When to use Edit Distance:

  • ✅ Measuring string similarity
  • ✅ Spell checking and autocorrect
  • ✅ DNA sequence alignment
  • ✅ Finding closest matches in a dictionary
  • ✅ Version control diff algorithms

Pattern Recognition:

  • Two strings → 2D DP table
  • Operations that modify strings → consider all possibilities
  • Optimal substructure → DP is the right approach
  • Need actual edit sequence → implement traceback

Time Complexity: O(m × n) where m and n are string lengths Space Complexity: O(m × n), optimizable to O(n) with rolling arrays


Summary

Edit Distance (Levenshtein Distance) is a fundamental algorithm in Pattern 4: String DP that measures the minimum operations needed to transform one string into another.

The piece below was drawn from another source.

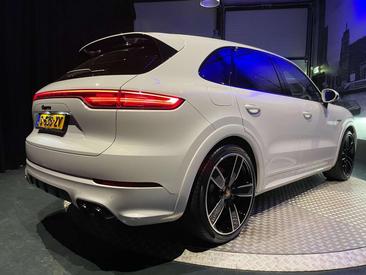Porsche Cayenne III Base Platinum Edition — photo 32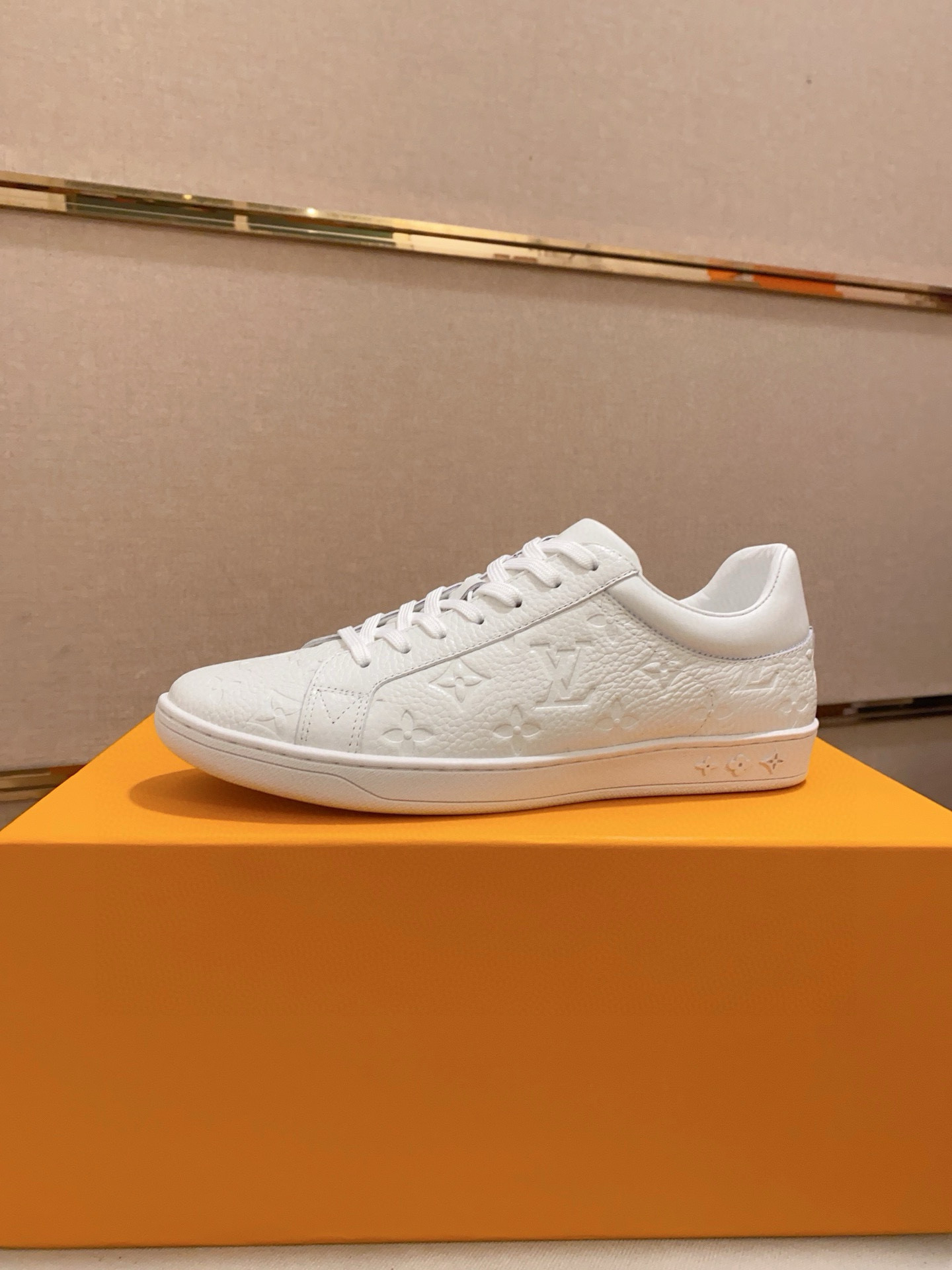 Louis Vuitton Sneakers For Men # 295095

The key insights are:

  1. Build solutions bottom-up considering all possible operations
  2. Characters match → no cost, take diagonal value
  3. Characters differ → take minimum of (replace, delete, insert)
  4. Applications everywhere from spell checkers to DNA analysis

Master this pattern and you'll handle a wide range of string transformation problems with confidence!